Morning Joe's special privileges: Why is MSNBC allowing him to help GOP raise money?

MSNBC's strange, selective application of its supposed ethics policy gets more and more confusing

Published April 8, 2014 10:11PM (EDT)

Joe Scarborough                (NBC/Today)
Joe Scarborough (NBC/Today)

Joe Scarborough, who is definitely not running for president, is going to New Hampshire next month to deliver the keynote address at the Chesire County Republican Lincoln Day Dinner. This follows another visit to New Hampshire last month, where Scarborough delivered a speech to the Northeast Republican Leadership Conference. Joe Scarborough would like you to know that he is not planning a run for president -- he just happens to enjoy New Hampshire, I guess, and who doesn't? (He also recently visited South Carolina.) But as the Huffington Post's Michael Calderone reports, this totally normal not-at-all presidential campaign-related New Hampshire visit probably violates MSNBC policy on hosts raising money for political parties or candidates. Because it is a fundraiser.

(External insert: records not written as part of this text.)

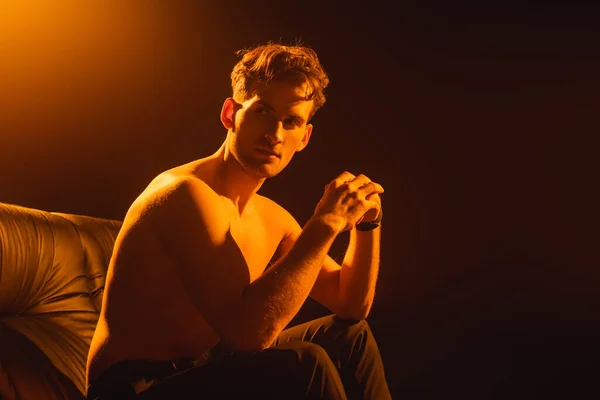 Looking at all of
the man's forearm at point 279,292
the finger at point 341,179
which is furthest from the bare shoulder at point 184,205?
the finger at point 341,179

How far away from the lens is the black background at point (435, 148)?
1.81 m

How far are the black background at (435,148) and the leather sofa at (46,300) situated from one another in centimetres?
38

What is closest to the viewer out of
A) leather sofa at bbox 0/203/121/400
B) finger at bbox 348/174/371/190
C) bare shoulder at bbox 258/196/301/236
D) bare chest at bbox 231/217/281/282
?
leather sofa at bbox 0/203/121/400

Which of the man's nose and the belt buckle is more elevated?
the man's nose

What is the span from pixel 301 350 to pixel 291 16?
127 cm

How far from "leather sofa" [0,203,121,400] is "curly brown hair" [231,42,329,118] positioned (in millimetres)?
524

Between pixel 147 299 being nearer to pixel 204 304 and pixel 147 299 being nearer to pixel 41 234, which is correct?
pixel 204 304

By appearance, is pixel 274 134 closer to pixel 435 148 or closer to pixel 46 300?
pixel 46 300

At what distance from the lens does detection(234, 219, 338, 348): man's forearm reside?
3.29 ft

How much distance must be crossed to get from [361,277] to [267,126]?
423 mm

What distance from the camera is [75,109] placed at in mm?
1742

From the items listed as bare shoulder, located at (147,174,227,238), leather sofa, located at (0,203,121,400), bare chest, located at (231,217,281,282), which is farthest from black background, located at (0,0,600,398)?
bare shoulder, located at (147,174,227,238)

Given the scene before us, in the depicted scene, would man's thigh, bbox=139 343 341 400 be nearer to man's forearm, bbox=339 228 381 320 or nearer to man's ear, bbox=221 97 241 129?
man's forearm, bbox=339 228 381 320

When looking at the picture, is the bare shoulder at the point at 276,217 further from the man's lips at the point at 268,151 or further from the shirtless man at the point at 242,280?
the man's lips at the point at 268,151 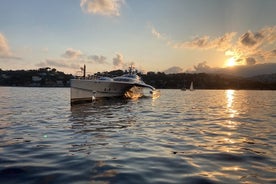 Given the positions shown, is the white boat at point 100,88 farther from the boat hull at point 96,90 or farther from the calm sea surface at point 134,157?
the calm sea surface at point 134,157

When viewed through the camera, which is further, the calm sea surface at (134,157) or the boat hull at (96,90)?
the boat hull at (96,90)

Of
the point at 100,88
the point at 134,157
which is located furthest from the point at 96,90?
the point at 134,157

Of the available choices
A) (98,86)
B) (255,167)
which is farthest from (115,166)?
(98,86)

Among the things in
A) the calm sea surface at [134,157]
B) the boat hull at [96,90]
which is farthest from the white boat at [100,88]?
the calm sea surface at [134,157]

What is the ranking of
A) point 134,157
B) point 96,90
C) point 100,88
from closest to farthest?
point 134,157
point 96,90
point 100,88

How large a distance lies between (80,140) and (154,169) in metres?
4.77

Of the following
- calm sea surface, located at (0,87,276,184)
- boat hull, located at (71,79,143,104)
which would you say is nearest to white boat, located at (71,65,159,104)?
boat hull, located at (71,79,143,104)

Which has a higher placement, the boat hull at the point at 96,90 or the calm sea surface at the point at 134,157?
the boat hull at the point at 96,90

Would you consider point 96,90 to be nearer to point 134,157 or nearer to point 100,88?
point 100,88

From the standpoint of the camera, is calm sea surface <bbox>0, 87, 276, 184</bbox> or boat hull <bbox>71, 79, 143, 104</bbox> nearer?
calm sea surface <bbox>0, 87, 276, 184</bbox>

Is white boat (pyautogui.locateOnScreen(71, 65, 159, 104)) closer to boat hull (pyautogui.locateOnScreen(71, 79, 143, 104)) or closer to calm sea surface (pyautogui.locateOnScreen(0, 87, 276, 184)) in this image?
boat hull (pyautogui.locateOnScreen(71, 79, 143, 104))

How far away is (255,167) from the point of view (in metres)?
7.61

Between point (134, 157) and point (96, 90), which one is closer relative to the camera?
point (134, 157)

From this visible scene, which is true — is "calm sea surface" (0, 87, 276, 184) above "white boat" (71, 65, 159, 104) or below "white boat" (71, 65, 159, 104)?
below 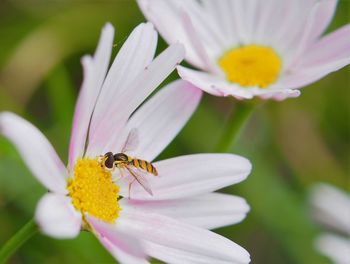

Maybe it doesn't make a ton of sense to allow hosts to advocate, on-air, for certain parties and candidates, but not to donate to or raise money for them, but those are the rules, and those rules are what got then-MSNBC host Keith Olbermann suspended in 2010, after Olbermann donated money to three Democratic candidates.

At the time, the question of whether NBC News' ethics policy even applied to MSNBC opinion personalities was disputed. Perhaps to help dissuade people from thinking that Olbermann was suspended for reasons other than the supposed violation, MSNBC belatedly suspended Scarborough for his own political donations. CNBC personalities who'd donated to campaigns and candidates, meanwhile, faced no sanctions.

This year, MSNBC forced liberal host Ed Schultz to withdraw from a Democratic Party fundraiser. This will be Scarborough's second Republican Party fundraiser of the year. He is delivering the keynote address, not merely moderating a panel. The money raised for the dinner will go to Cheshire County Republicans. It all seems pretty cut and dried.

As I said, I don't think the supposed MSNBC policy makes a ton of sense for an opinion-driven cable news channel, as opposed to a traditional "objective" network news division. What makes even less sense than the policy is the way in which it is selectively enforced. If Morning Joe wants to do political work, and feel out a run for office, and MSNBC rules forbid him from doing so, the channel ought to actually force him to make that decision. I hope he chooses to run, obviously, because it would be hilarious.